Hooded Stranger: (Retaining composure) Dream hear me thus. Surely this your work you wretched, pitiful slave?! You have killed my brother, You have driven Lord Hadius mad, You have murdered thousands upon thousands of innocent, unwitting men. You must stand to trial you bastard pantokrator of fate! Yes, you must, Dream, for the heinous crimes you have committed against all mankind as well as the Gods. Hear me, do you? I see your blasphemous eyes, their putrid Neon glow. Your subjects rage against thee and can do nothing, for better or for worse. But it can get worse, so much worse. Oh and it will; it will. This pain speaks to no one, and there is nothing to be done. But carry on I must, for my brother was rash, and he shattered his sleep. We will meet again someday, Dream, I know this. Not because fate is merciful, but because it is not. Someday Dream, I will arraign thee, and all the universe will join me in that just trial, but that day is not today, and that day may never be. The portal is closed, the deed is done.

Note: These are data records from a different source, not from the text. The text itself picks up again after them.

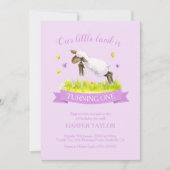 Invitation Agneau de printemps sauter mignon violet 1er anniv (Devant)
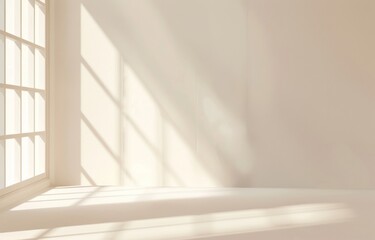 Light smooth beige background with soft shadows and sunlight, minimalist style studio room background, soft shadow from the window on the wall, abstract shadow effect in window style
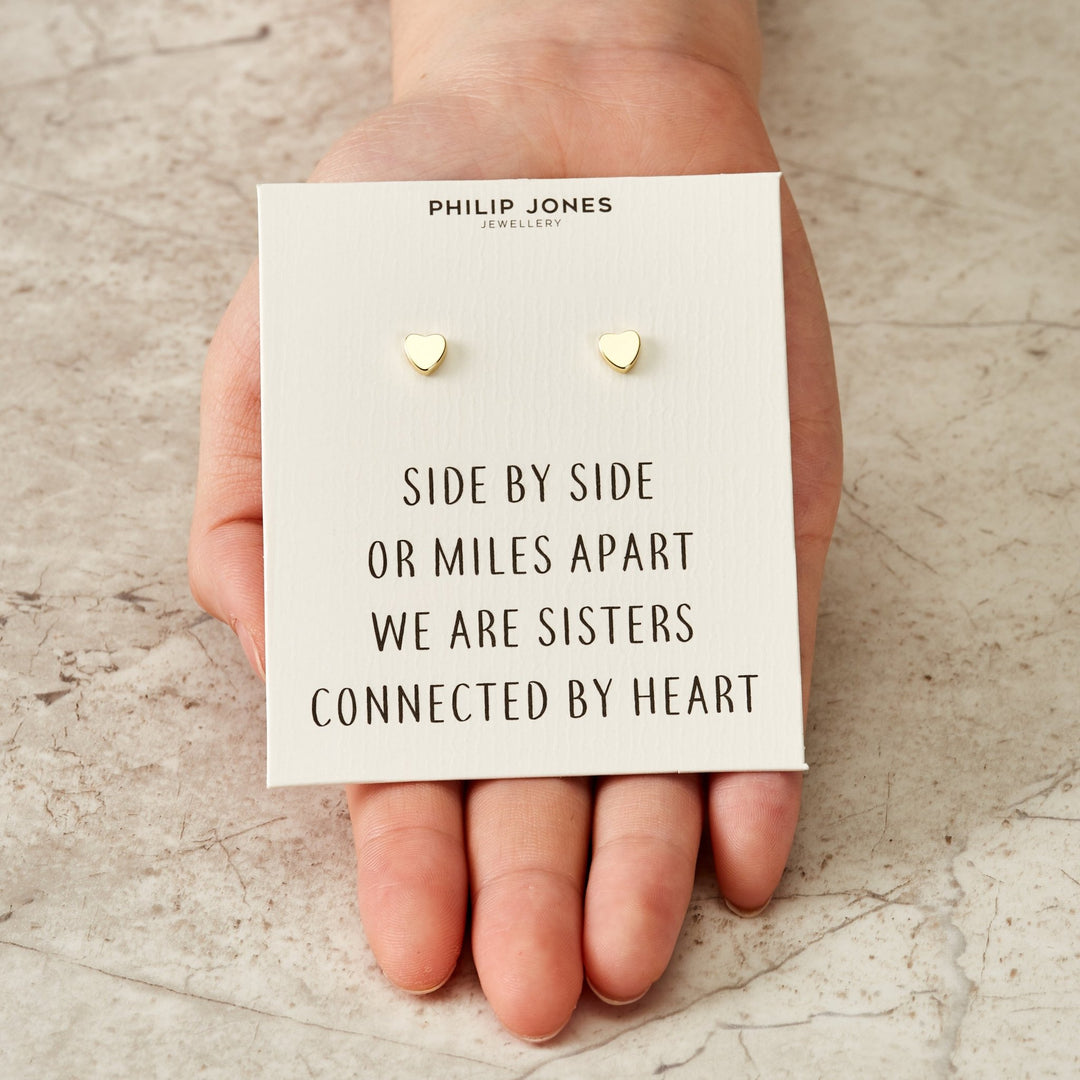 Gold Plated Sister Heart Stud Earrings with Quote Card - Philip Jones Jewellery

The Hooded Stranger falls to his knees in agony.

Voice of God: Why do you cry, my brother?

Hooded Stranger: Because I have been wronged, and in longing for justice I become the victim so.

Voice: Do not cry. All is said and done now. Those days are as Forevermore gone.

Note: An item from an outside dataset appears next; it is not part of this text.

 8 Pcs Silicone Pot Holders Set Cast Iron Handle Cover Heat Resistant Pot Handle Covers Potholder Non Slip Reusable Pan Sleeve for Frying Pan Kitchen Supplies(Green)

Hooded Stranger: I wish they were. Do you know what happened next?

Voice: No, but I trust you will tell me when you are ready.

Hooded Stranger: (Crying) My brother. I have failed you so.

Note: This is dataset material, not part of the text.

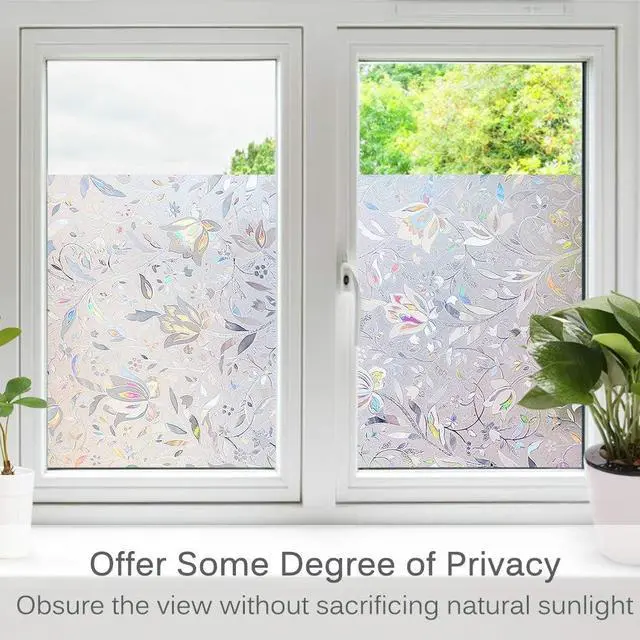 Alt view image 3 of 7 - Volcanics Window Privacy Film Static Window Clings Vinyl 3D Decals Stickers Rainbow Window Film for Glass Door Home Heat Control Anti UV 17.5 x 78.7 Inches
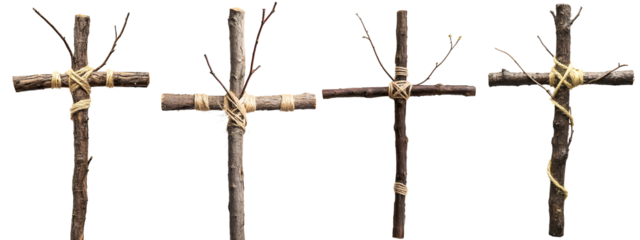 Set of a branch and twine cross symbolizing Jesus' earthly life, isolated on a transparent background.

Voice of God: No loss is greater than the failure to recant a tale. In that you are as victorious as the dusk.

There is a moment of silence between the two as they regain their composure.
Hooded Stranger: Vagath did not like that Hadius had asserted himself Emperor of the Khahras. He challenged Hadius to a duel and laid a deadly trap. For while Vagath’s champion fought Hadius, Vagath planned to come from behind and strangle Hadius to death. 

Enter Hadius once again to a room with many windows.

Hadius: Something is foul in Vagath’s breath. He smears the wind upon my face and calls it something kind. I say treach’ry is in the air, but the game is my own. Come forth my fiend and taste what is yours!

Enter MANNEQUIN shambling.

Hadius: You may sense the time, future, past, and all. A moment of silence. Come, we are on our way to the Sanctum of Wind. 

Exit Hadius and Mannequin

Enter Vagath and Suit of Armor to one end of the stage, Men in tow. Enter Hadius to the other end of stage.

Vagath: Subjects and sojourners of fate! Hear me now that Hadius, the darkling, is not the true Lord of the Khahras. No! He is a mere pretender, a peasant in cloak and form. I am the Emperor of the Wind! The most gentlemanly of the Khahras, and my champion shall fight Hadius for the crown of this place!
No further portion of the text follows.